The declaration contained one count and alleged that defendant negligently ran and operated a southbound car upon Clark street and that’ said car collided with a wagon being driven on said street by plaintiff. The ad damnum was $15,000.

The accident took place November 27, 1902. Trokey was a teamster. At that time he was driving a two horse wagon hauling crushed stone from the plant of his employer at Nineteenth and Lincoln streets to the corner of Twenty-second street and Archer avenue. His course ,in making deliveries was from Lincoln to Eighteenth, east on Eighteenth to Clark and south on Clark to Twenty-second. Trohey’s wagon itself weighed 3,100 pounds and it was loaded with four tons of crushed stone. When he reached, and turned south in, Clark street, he fell from his wagon and two wheels of it passed over him. Clark street at and about its intersection with Eighteenth street was well paved both inside and outside the street railway tracks. The paved space between the west rail of the west track in Clark street and the west curb was 17 to 20 feet wide and there was nothing to prevent any one driving in that portion of the roadway.

Trohey claimed that when he turned south from Eighteenth street in Clark street, he made the turn in the west or south-hound track and then proceeded southward in that track; that when he reached Clark street, he saw approaching him, and about a half a block north, a south-bound car, and that, after seeing it, he continued to drive south in the track until he reached a point about fifteen feet south of the south walk on Eighteenth street, where he began to turn out; he testified that he did not look back from the time he first saw the car approaching and did not know whether the wheels of his wagon were in the street or were in the track at the time he felt a jolt or jar and fell from his wagon; nor did he know whether or not the car struck his wagon. Other witnesses, on his behalf, however, testified that a southbound car did strike his wagon. A larger number of witnesses, on behalf of defendant, testified that plaintiff turned south in Clark street and started to drive in the open, newly-paved space between the west track and the west curb, and that at, a point near the south line of Eighteenth street, he fell forward between his horses without the street car touching or having anything whatever to do with his wagon.
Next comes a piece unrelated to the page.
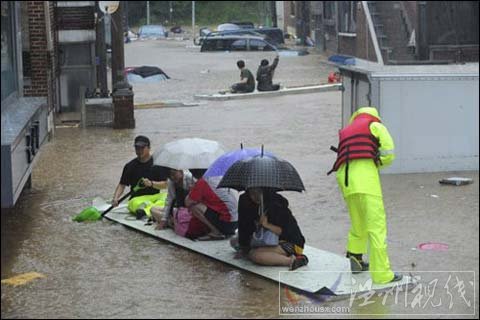 韓國首爾及周邊地區(qū)強降雨百年一遇 32人遇難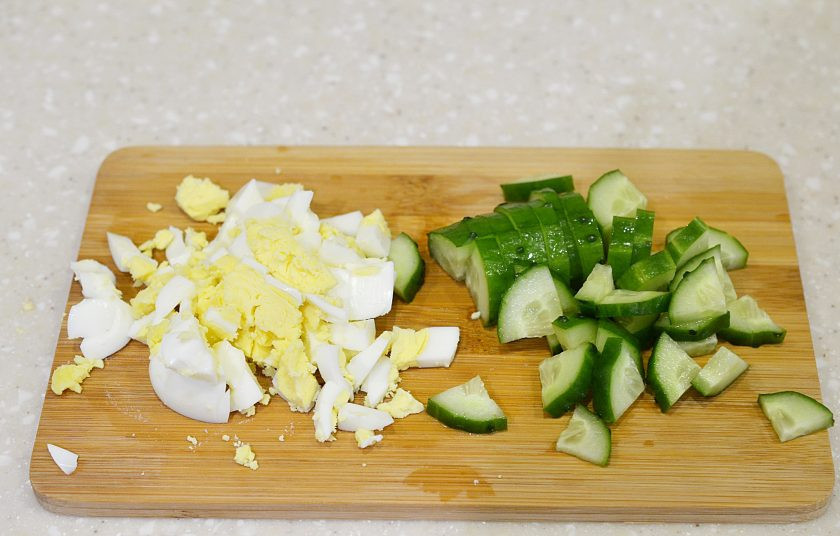 1. Этап. Салат из гусиной печени: Яйцо отварите. Лук и огурец нарежьте кубиком.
The principal controversy at the trial was over the question whether or not any of defendant’s cars came in contact at all with Trohey’s wagon. Defendant denied that there was any such contact, and insists that the testimony for plaintiff does not affirmatively show either negligence on the part of the railway company, nor that plaintiff himself was in the exercise of ordinary care for his own safety.

At the time of the trial, there was some public excitement because of charges made by the state’s attorney that the jury commissioner’s office was corrupt, and that jury tampering on an extensive scale was being practiced. During the trial of the cause and on the morning it was submitted to the jury, the “Chicago Examiner” published an article seriously reflecting ■upon appellant, and it appeared that at the time the jury retired, two of the jurors took with them to the jury room copies of the paper containing the article. After being out several hours, the jury returned a verdict for $15,000.
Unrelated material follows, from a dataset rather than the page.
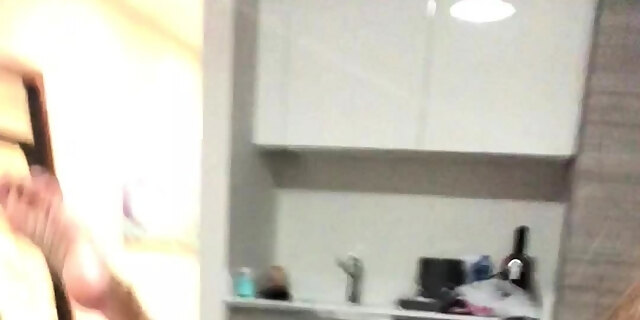 amateur,anal,brunette,masturbation,softcore,solo,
Appellant seeks a reversal here, and contends: That the manifest preponderance of the evidence is to the effect that plaintiff fell from his wagon without any contact with any car of or negligence on the part of the defendant; that the court committed reversible error in rulings upon the admission and rejection of evidence; that the jury was prejudiced against appellant by the scurrilous “Examiner” article, and by other incidents of the trial; and that the damages are grossly excessive.

After an extended and careful examination and consideration of the case made in the court below, and of the briefs and arguments submitted, we have reached the conclusion that the judgment must be reversed and the cause remanded for another trial. This conclusion is based upon the ground- that the court below should have granted a new trial because certain of the jurors took with them to the jury room copies of a newspaper containing an article, seriously reflecting upon appellant.
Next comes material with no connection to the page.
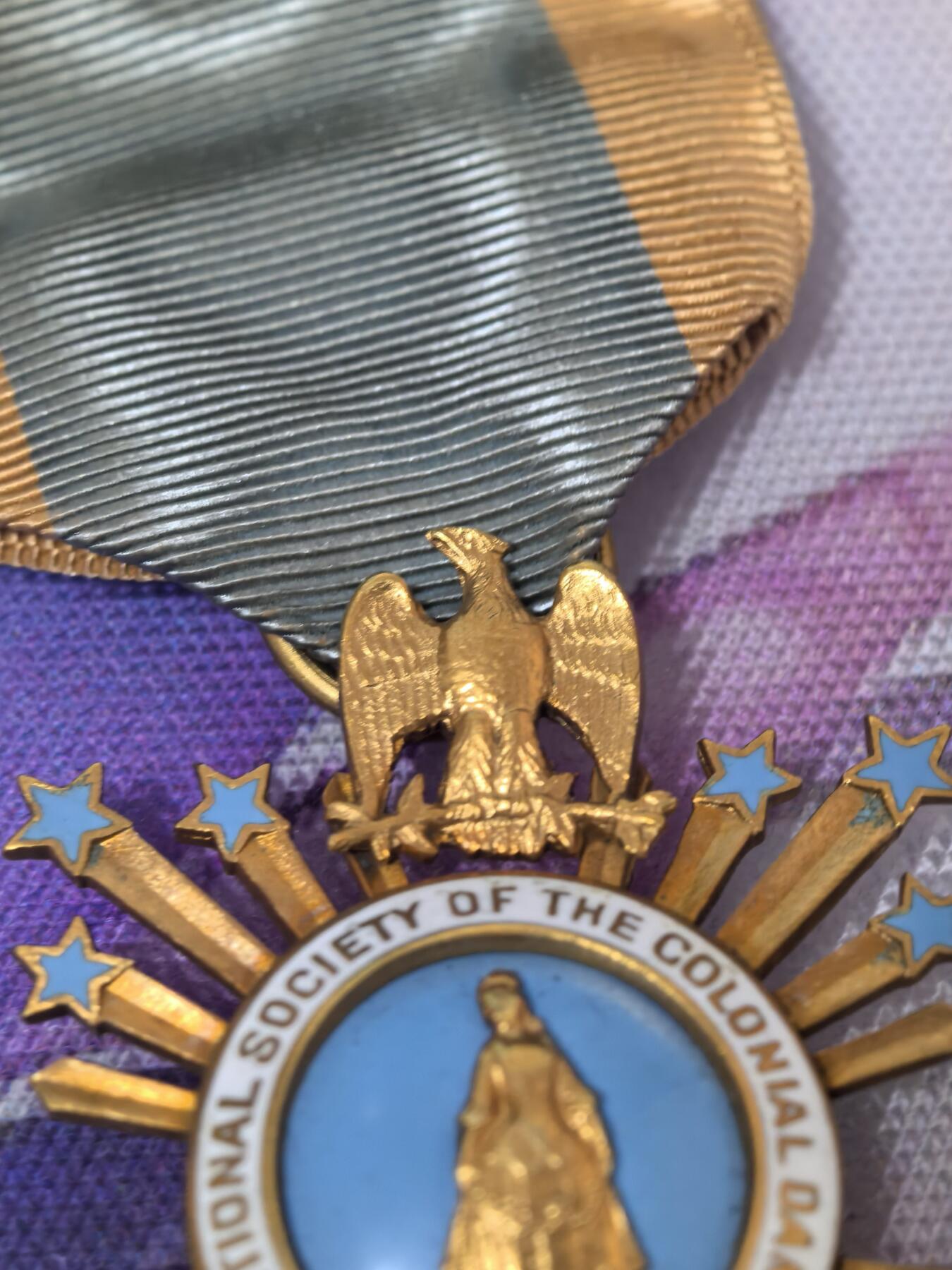 美德苏勋章奖章拍卖 本次各种都有 取消了保留价模式  德因原因只上2-3图 具体的想要的请联系我要完整图。都经过讨论未标明则全部是原品，保真 放心拍。3月4日晚上九点结束在麦稀奇 找不到的加我qq或者微信都是184277308备注苏章拍卖。 美国殖民贵妇人全国协会 新罕布什尔州 会员章 14k金 整体17克  背面有得主信息 感兴趣的可以查 肯定是知名人物 编号 1920年颁发 有14K金标识 制造商BB&B 专门制作高品质政府章 非常稀有 不是后期镀金版本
The ease had been tried twice before. It involved a sharp conflict in the testimony for the respective parties; and it was of vital importance to the orderly administration of justice between the parties that no improper influence should be brought to bear upon the jury.

In support of its motion for a new trial in the court below, appellant filed the affidavits of John E. Kehoe, Esq., its attorney who tried the case, and Michael Eyan, an investigator and clerk connected with its law department, respectively. From these affidavits it appeared that, when the jury retired to consider its verdict, at least two of the jurors carried with them copies of that morning’s “Chicago Examiner,” a Chicago morning newspaper, in which there appeared upon its first page, with large conspicuous headlines, an article as follows:

“Chicago Examiner
Wednesday, October 6, 1909.
Trails Jury Fixers to Traction School — Wayman locates ‘Claim Agents’ Offices Where Witnesses Are Bribed.
Begular Line of Training — List of ‘Bight’ Jurors Drawn from Dives and Furnished By Keepers.
Invading the skyscraper buildings in which the Chicago City Railway and the Chicago Bailways Company maintain ‘schools for witnesses,’ the state’s attorney’s investigators declare they have drawn a step nearer the fountain source of most of the jury-fixing, and a great deal of the graft that Mr. Wayman has started to destroy.
“For several hours yesterday the Wayman detectives searched the buildings at Dearborn and Monroe' streets and La Salle and Monroe streets in which so-called ‘business’ offices are maintained as blinds, but which are in reality the quarters of the traction companies’ claim agents.
It is expected these quarters will be shown to be the rendezvous of organized bands of jury-fixers, and that the claim agents and their henchmen will ultimately be revealed as the rats of the jury-fixing business.
“Keeping Witnesses in Good Humor.
“In the curriculum of the witness schools a leading place is given to a set of courses designed to ‘keep the witnesses in good humor.’ Facilities for amusements at cards are provided. There are special schools for women witnesses. In these the classes are mostly devoted to bridge whist. It is the regular practice to take the ‘scholars’ to theatres and gardens, and give them a royal good time so long as their testimony is likely to be useful.
“Hotel bills and traveling expenses are paid and liberal pocket money provided. When it is desirable to have the witnesses close at hand they are taken ont regularly to dine at the best restaurants.
“After receiving the latest reports from his investigators last night Mr. Wayman said:
“ ‘The jury fixing, with the corruption of all sorts that it involves, gets worse and worse as we progress. The only question is — how many persons are guilty?’
“Divekeepers Recruiting Agents.
“It is expected that divekeepers who paid protection money to grafters in the police department will be shown to have recruited in the levees for the gangs of jury-fixers.
“The resort keepers are declared to have kept lists of habitues of their dives from whose number the ‘fixed’ juries were regularly drawn by the jury tamperers of the jury commissioners’ office. For these lists of ‘desirable undesirables’ the interests benefited by the jury fixing paid a stated price. Thus the dive-keepers have been able to recoup considerable of the losses sustained through payment of tribute for political and police protection.”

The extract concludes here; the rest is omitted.